Showing posts with label the haunting. Show all posts
Showing posts with label the haunting. Show all posts

Tuesday, April 16, 2019

The Haunting (1999)

The Haunting (1999): 'adapted' by David Self from the novel The Haunting of Hill House by Shirley Jackson; directed by Jan de Bont; starring Liam Neeson (Dr. David Marrow), Catherine Zeta-Jones (Theo), Owen Wilson (Luke Sanderson), and Lili Taylor (Nell): This is either a dazzlingly bad adaptation of a great novel by Shirley Jackson or a dazzlingly bad remake of a great movie directed by Robert Wise. Take your pick! 

It took me three tries over 20 years to watch this whole movie. 

I should have stood in bed.

The weirdest thing about The Haunting is that the casting is pretty much spot on. However, with awful direction, an awful script, and ridiculously ornate set design and visual effects, the casting can't save anything. The Haunting isn't even a fun bad movie. It alternates between tedious and shrill and just plain dumb. 

Changes minor (Dr. John Markway becomes Dr. David Marrow) and major (too many to name) fly by. Some of the changes are so major that one starts to wonder if this movie began life as a script for something else before being retrofitted for The Haunting of Hill House. Maybe a Tim Burton movie about giant fireplaces.
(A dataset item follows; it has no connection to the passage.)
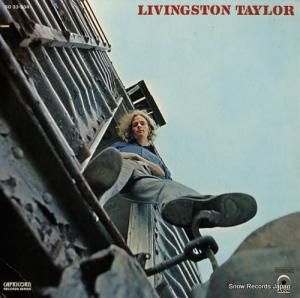 ӥ󥰥ȥ󡦥ƥ顼 livingston taylor SD33-334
I suppose one shouldn't be surprised that Jan de Bont (of Speed and Twister) wasn't the best choice to direct what should have been a subtle, psychological ghost story. The Haunting stands as a testament that Hollywood can ruin anything. Just give them a chance. And a big budget. Not recommended.

Saturday, June 3, 2017

The Haunting (1963)

The Haunting (1963): adapted by Nelson Gidding from Shirley Jackson's The Haunting of Hill House; directed by Robert Wise; starring Julie Harris (Eleanor Lance), Claire Bloom (Theodora), Richard Johnson (Dr. John Markway), and Russ Tamblyn (Luke Sanderson): 

The Haunting isn't as good as the novel it adapts, Shirley Jackson's The Haunting of Hill House. How could it be? The novel rates with me as the greatest haunted-house novel ever written. The movie is very good. And I think the movie benefited from the relatively low budget handed to director Robert Wise. Wise elected to keep the hauntings even more off-screen than they are in the novel, inspiring dread instead with shadows and strange noises and booming knocks at the door. 

The cast is first-rate. Julie Harris' Eleanor Vance is the dark heart of the movie. A shut-in forced to care for her ailing mother for years, she has now been released by her mother's death and her own realization that she herself has never truly lived. A poltergeist incident when she was a girl causes Dr. John Markway to invite her to help him investigate Hill House, the malign structure where doors refuse to stay open and "whatever walks there, walks alone." Along with the apparently psychic Theodora and house-owner Luke, Eleanor will investigate the bizarre properties of Hill House. Is there a rational explanation?

Stephen King's The Shining riffs on The Haunting of Hill House, especially in its combination of a deteriorating personality and a malign environment that encourages that deterioration. The movie and the novel have influenced many other works over the years. The movie on its own (movie qua movie?) remains a gem, a sad and horrifying gem that remains as mysterious about the source of its hauntings at the conclusion as it was at the beginning. Maybe moreso. Is Hill House haunted by ghosts or is it itself some sort of malign and inhuman distortion in reality? Answer this yourself. Highly recommended.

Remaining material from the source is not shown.